Supposedly to get the account back I would have to email them a copy with my name and D.O.B...nah..that's ok!


----------



## GN (Aug 1, 2011)

*re: I setup a Facebook "personal" friend account for my business and it got banned/deleted*

thats sad..but its going to start happening to everyone else too. When you create an account with FB it specifically says that businesses are not allowed to have friend pages - only fan pages. Since you name was "business like" they probably thought it was a business.


----------



## DivineBling (Sep 14, 2010)

*re: I setup a Facebook "personal" friend account for my business and it got banned/deleted*

There was a lot of talk even here on TSF warning people to switch over from personal pages to business pages. There is a simple way to convert your personal page that you're using for business over to a fan page. 

I like keeping my personal page separate from my business page on Facebook anyway.


----------



## binki (Jul 16, 2006)

*re: I setup a Facebook "personal" friend account for my business and it got banned/deleted*

The word is lost....


----------



## Rodney (Nov 3, 2004)

> Now I have 4 friends...what a sad day


Instead of repeating the same thing, you may want to setup a Business Page for your business so it won't get deleted: Create a Page | Facebook


----------



## Rodney (Nov 3, 2004)

If you already have a personal friend account setup for your business, you can migrate those friends over to a Facebook business page using Facebook's tool here: Create a Page | Facebook


----------



## tdprout (Mar 29, 2008)

binki said:


> The word is lost....


 Have you travelled some?


----------



## kevinsme2005 (Jul 26, 2011)

Exactly like Rodney said, make a Facebook Page. Its tied to you personal facebook, and clicking the account tab will let you switch between using fbook as you or your page. From the page you can post to a wall, invite friends, etc. Once you get 25 fans you can then get a unique id for the page, ex facebook.com/shirtprinter as opposed to facebook.com/284752943857 that it starts as.


----------



## EnMartian (Feb 14, 2008)

I don't know if they do it anymore, but when I set up the EnMart company page, they required that I have a personal profile before I could set up the company page. If you already have a personal profile, then just add your company page and you're all set.


----------



## JOHNSY (Dec 20, 2010)

kevinsme2005 said:


> Exactly like Rodney said, make a Facebook Page. Its tied to you personal facebook, and clicking the account tab will let you switch between using fbook as you or your page. From the page you can post to a wall, invite friends, etc. Once you get 25 fans you can then get a unique id for the page, ex facebook.com/shirtprinter as opposed to facebook.com/284752943857 that it starts as.

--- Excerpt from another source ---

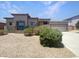 Single-story home with a three-car garage, neutral stucco, tile roof, and drought-tolerant landscaping at 2971 N Rosewood Ave, Casa Grande, AZ 85122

I did this. but after a little over 24 hours and 40 fans my extention still has the numbers connected to it. am i missing something?


----------



## DivineBling (Sep 14, 2010)

JOHNSY said:


> I did this. but after a little over 24 hours and 40 fans my extention still has the numbers connected to it. am i missing something?


You have to go to Log In | Facebook and create your business page url.
You can find more information here: Usernames for Facebook Pages - Facebook Help Center | Facebook


----------



## JOHNSY (Dec 20, 2010)

DivineBling said:


> You have to go to Log In | Facebook and create your business page url.
> You can find more information here: Usernames for Facebook Pages - Facebook Help Center | Facebook



HEll YEAH! thanks that worked out perfect. I was sure i would have to convince people to add 700 numbers behind the name...now I can get the stickers ordered.


----------



## DivineBling (Sep 14, 2010)

JOHNSY said:


> HEll YEAH! thanks that worked out perfect. I was sure i would have to convince people to add 700 numbers behind the name...now I can get the stickers ordered.


You're very welcome.


----------



## Ludasmith (Sep 1, 2011)

They are slowly working on fixing this for those that aren't following their rules and guidelines. So if anyone else has done the same thing I'd recommend getting switched over so it's right. 

And be sure to go to your competitor's personal pages and click report


----------